Shields, 31, was the guy the Royals wanted to head their rotation. He was, by far and away, their first choice after surveying the field.

“You scout all of the players, obviously,” general manager Dayton Moore said. “I think everybody anticipated that with the abundance of quality pitching that Tampa possessed, that there might be a pitcher or two available.

“Shields became available. We knew him well based on our scouting and statistical analysis. We knew, obviously, that he would improve our team.”

The price was steep.

The Royals surrendered outfielder Wil Myers, the consensus minor-league player of the year, along with pitchers Jake Odorizzi and Mike Montgomery along with third baseman Patrick Leonard for Shields, pitcher Wade Davis and utilityman Elliot Johnson.

“If you focus on what you’re giving up, emotionally, you really get involved,” Moore said. “You have to focus on what you’re getting and how it’s helping your team and the future of your organization.

“If we don’t start winning, we’re never going to be ready to win. We’ve got to start. I can’t predict we’re going to win our division or whatever, but we’ve got to start.”

The trade followed moves earlier by the Royals in the off-season to acquire right-hander Ervin Santana from the Angels and to retain free-agent Jeremy Guthrie.

“I think they’re trying to win,” Shields said. “I think Dayton did a great job of bringing in some guys — myself, Wade, re-signing (Jeremy) Guthrie and, obviously, bringing in (Ervin) Santana. For me, I’m excited.”

But Shields was the lynchpin.

“You see his work ethic,” Yost said. “He’s got incredible intensity. He’s a really competitive guy. You could tell from just watching him on the mound today. It was different.

“The intensity, the focus and the competitiveness when he stepped on that mound was really impressive. To me, it’s quite apparent he is what he is because of the way he goes about his business. He knows how to develop teammates, and he works at it really hard.”

Shields drew early praise from Danny Duffy, who told the world through Twitter on Feb. 11: “Been 2 days and i can already tell my dude Shields is one of the best teammates ill ever have. Solid solid dude.”

Another example occurred Wednesday when rotation candidates Luke Hochevar and Bruce Chen made their spring debuts in a 3-2 victory over Milwaukee. Other starting pitchers are not required to be on the bench in spring training when they don’t pitch.

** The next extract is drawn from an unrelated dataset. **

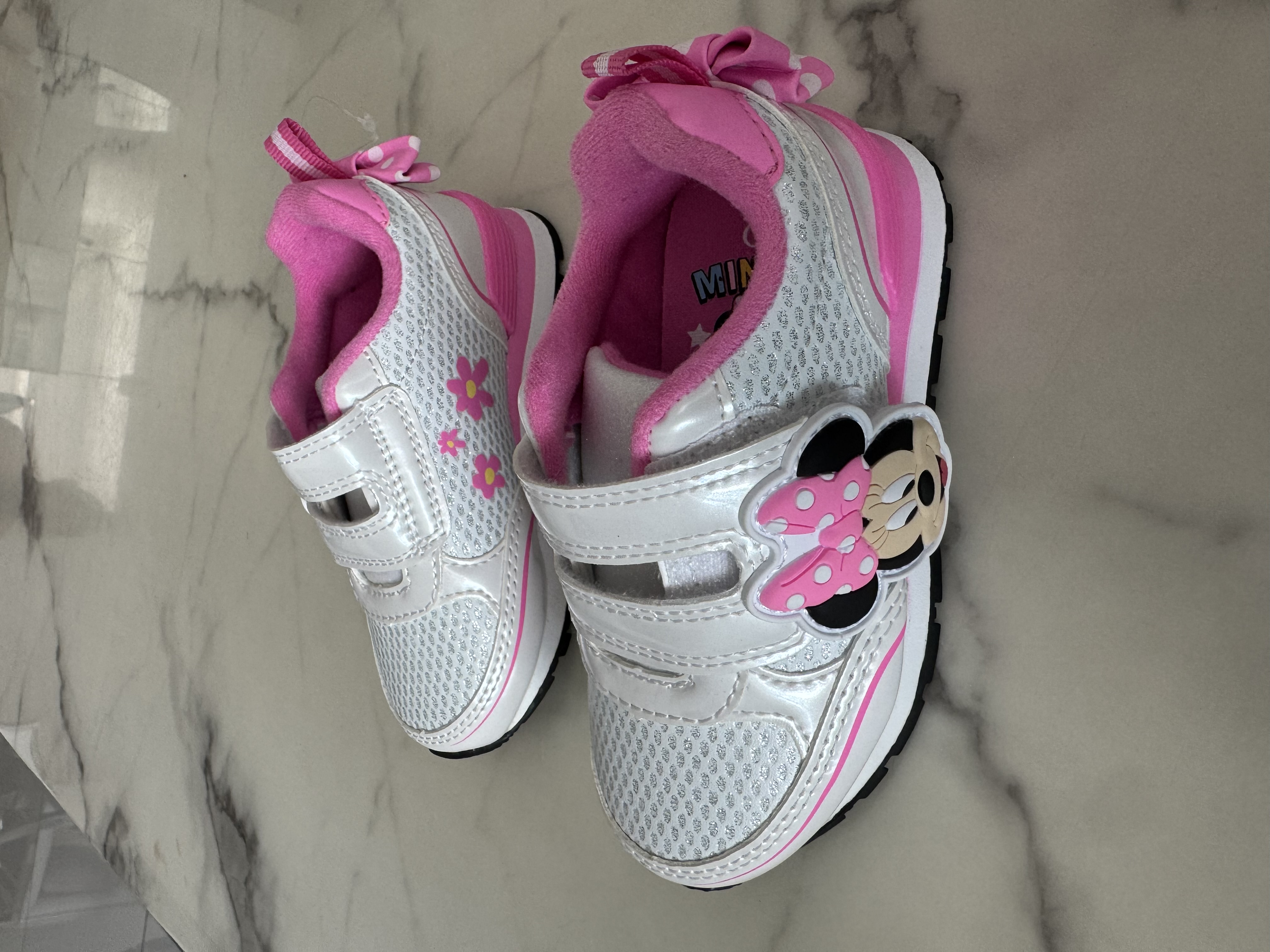 ropa y zapatos - Disney Zapatos sin cordones de Minnie Mouse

Shields was there to watch Hochevar and Chen. So was Wade Davis, the other starting pitcher the Royals acquired in the big trade with Tampa Bay.

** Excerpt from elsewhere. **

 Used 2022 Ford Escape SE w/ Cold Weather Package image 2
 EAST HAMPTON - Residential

“I’m a new guy,” Shields said, “and I wanted to take a look at their first outing and see how they are. I’m the type of guy who likes to talk to all of the starters. I’m all about feeding off each other.

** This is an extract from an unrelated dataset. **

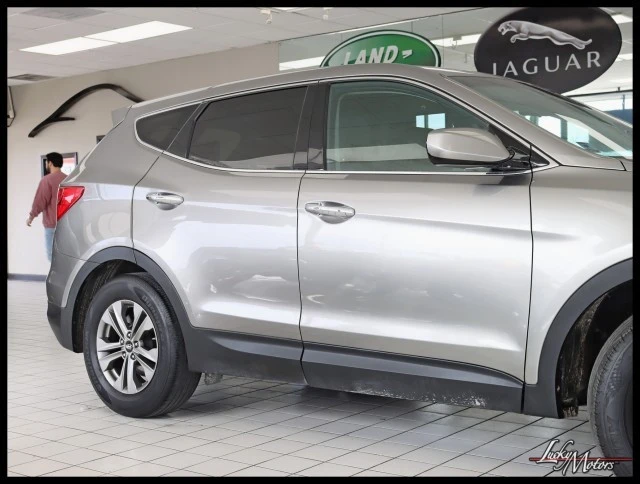 2016 Hyundai Santa Fe - Image 3 of 28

“There might be some things that maybe (pitching coach) Dave Eiland may not see but players may see. I’m a big talker between starts with the guys to try to get everyone on the same page.”

The Royals delayed Shields’ debut until Thursday because Eiland believes six spring starts are the optimal number to prepare for the regular season.

“With this extra week (of spring training),” Eiland said, “if I put them in early, they get seven starts. That’s too many. They don’t need it.”

Shields also sees no need to push things early. One inning followed by another 15 throws in the bullpen were more than enough.

“Normally, we’re starting games in March,” he said. “We wanted to keep things simple and take our time with this thing. We’ve got a long season to go.”

True enough, but it’s hard to see Thursday as anything but a small step in the right direction.